::: Data provided :::
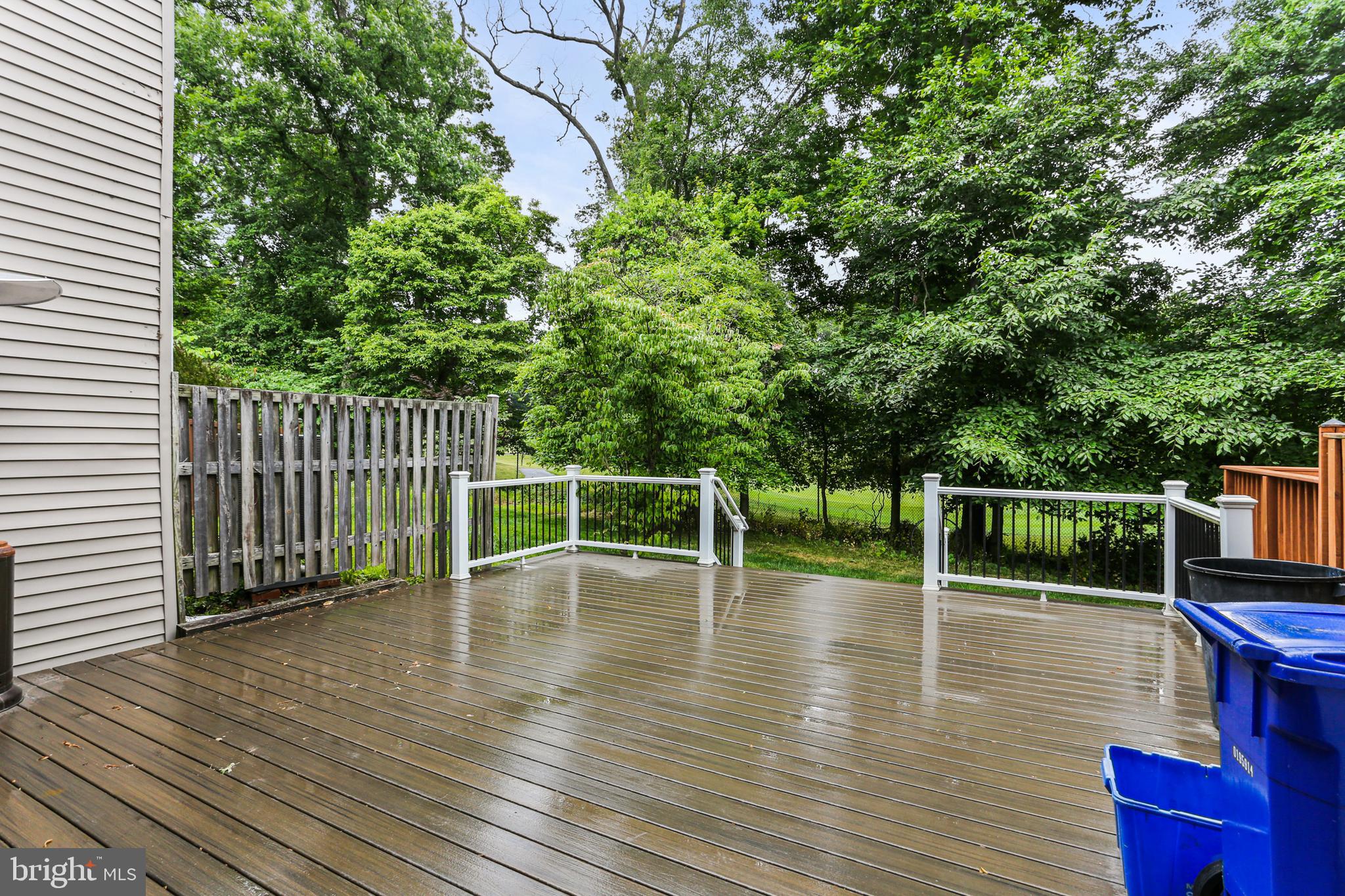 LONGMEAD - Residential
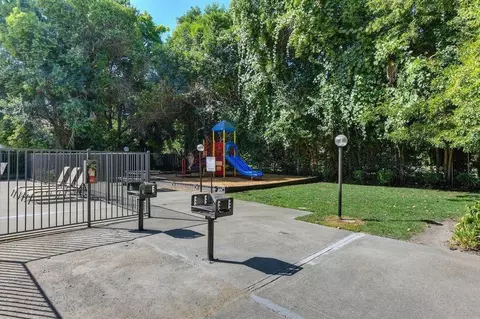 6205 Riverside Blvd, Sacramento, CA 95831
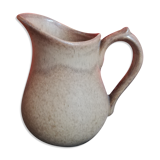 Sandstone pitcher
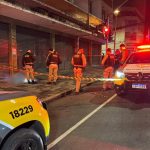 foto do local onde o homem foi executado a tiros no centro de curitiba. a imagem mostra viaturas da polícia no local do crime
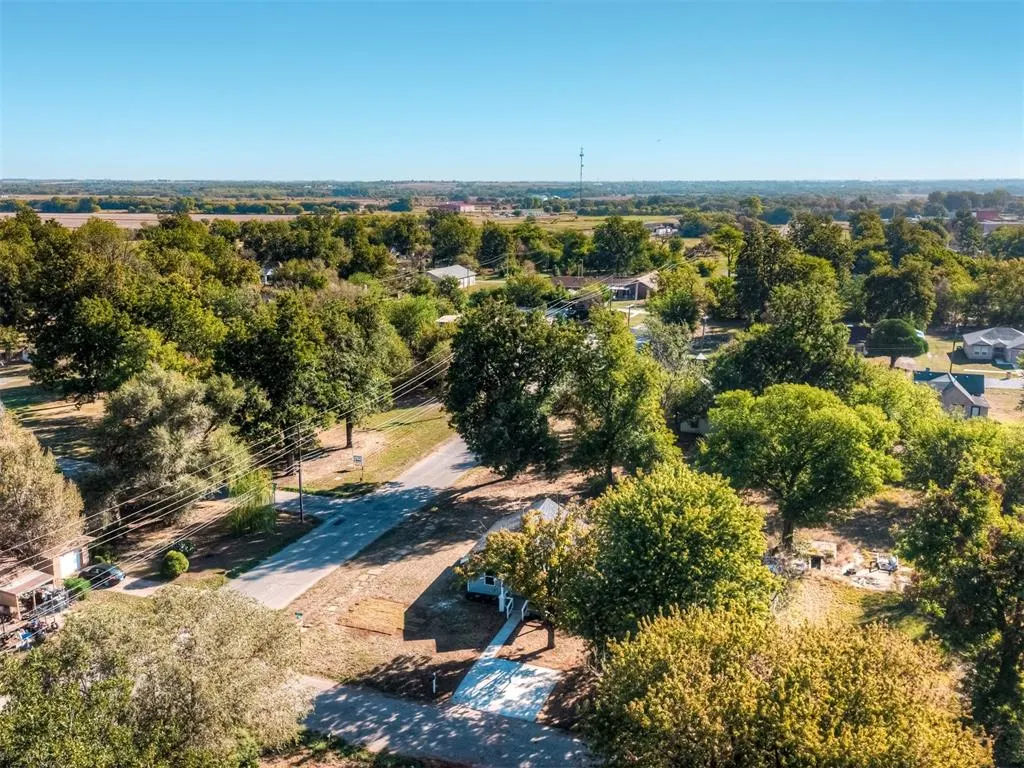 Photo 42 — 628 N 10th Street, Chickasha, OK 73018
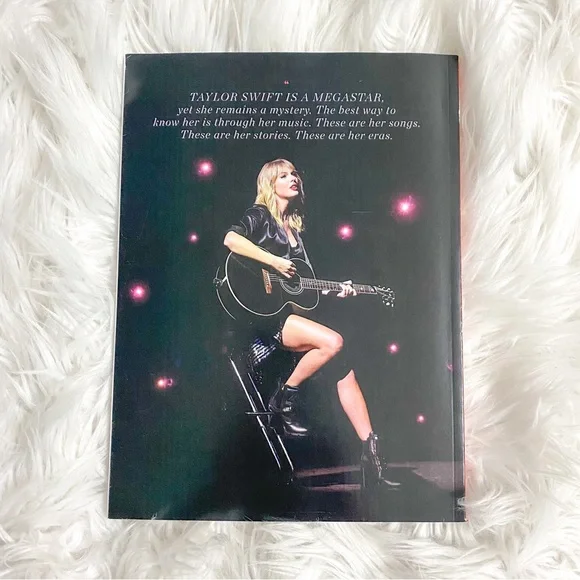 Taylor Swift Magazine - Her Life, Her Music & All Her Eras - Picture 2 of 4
:::
::: Data provided :::
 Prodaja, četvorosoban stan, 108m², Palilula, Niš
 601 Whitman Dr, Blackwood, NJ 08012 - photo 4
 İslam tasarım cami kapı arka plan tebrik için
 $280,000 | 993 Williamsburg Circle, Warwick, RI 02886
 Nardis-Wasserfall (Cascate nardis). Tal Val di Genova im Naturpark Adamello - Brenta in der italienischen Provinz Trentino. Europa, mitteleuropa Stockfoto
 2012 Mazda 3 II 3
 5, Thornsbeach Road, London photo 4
:::
What to produce:
From the records above, copy only the lines starting with the line that holds "601 Whitman Dr, Blackwood, NJ" and going on through the line that holds "5, Thornsbeach Road, London photo 4", exactly as written.

Response to this task:
 601 Whitman Dr, Blackwood, NJ 08012 - photo 4
 İslam tasarım cami kapı arka plan tebrik için
 $280,000 | 993 Williamsburg Circle, Warwick, RI 02886
 Nardis-Wasserfall (Cascate nardis). Tal Val di Genova im Naturpark Adamello - Brenta in der italienischen Provinz Trentino. Europa, mitteleuropa Stockfoto
 2012 Mazda 3 II 3
 5, Thornsbeach Road, London photo 4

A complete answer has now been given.